Ears in the conservative Utah Legislature perk up whenever a proposal is defined as positive for economic development. Legislators favor low corporate taxes because a business-friendly tax structure attracts companies looking for new locations. They believe lots of roads and better infrastructure will encourage businesses to expand.

But they are overlooking what has become one of the biggest, if not the biggest lure for businesses: a well-educated workforce. Utah business leaders agree that quality education is at least as important to economic development as low taxes and roads. The Salt Lake Chamber calls education the gold standard for economic success.

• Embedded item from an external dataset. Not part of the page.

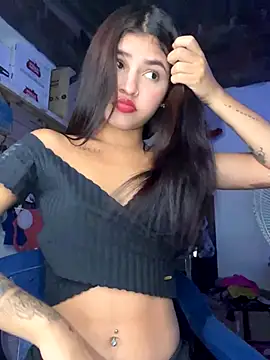 kityy playful online show from 16, 10, 2025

A nationwide study by two researchers at Georgetown University Center on Education and the Workforce predicts that the jobs Utah can attract in the coming decade will require that 66 percent of adult Utahns hold college degrees or certificates. Of the 1.6 million projected Utah jobs, only about one-fourth will be filled by high school graduates, while the bulk will be available only to those with associate, bachelor's, or graduate degrees, according to the Georgetown study.

Only about half the Utah workforce currently holds such degrees, and Utah's rate of college completion has dropped precipitously.

More than a third of high school graduates are not ready for university-level work, and secondary-school graduation rates and test scores, especially among the growing minority population, are decreasing. Despite spending the least per student, Utah used its pre-recession surpluses on tax cuts that hurt schools.

Clearly, Utah policy makers need to define and fund a plan to turn those statistics around. But, unfortunately, many of Utah's conservative lawmakers don't see education as an economic-development tool; instead, they see it as a necessary evil, a suspicious entity that they can't totally control, although they keep trying. Public schools are seen as promoting socialism, with all that talk about evolution and sex education and infiltration by teacher unions.

While they waste time accusing schools of promoting liberalism, legislators perennially threaten education's already bare-bones budget. Now they are talking about cutting education for the third straight year.

Utah stands at a crossroads. The future of the Beehive State hinges on elected officials finally grasping that public schools — kindergarten through college — need their strong support to produce a well-educated workforce capable of stepping into the jobs of the future.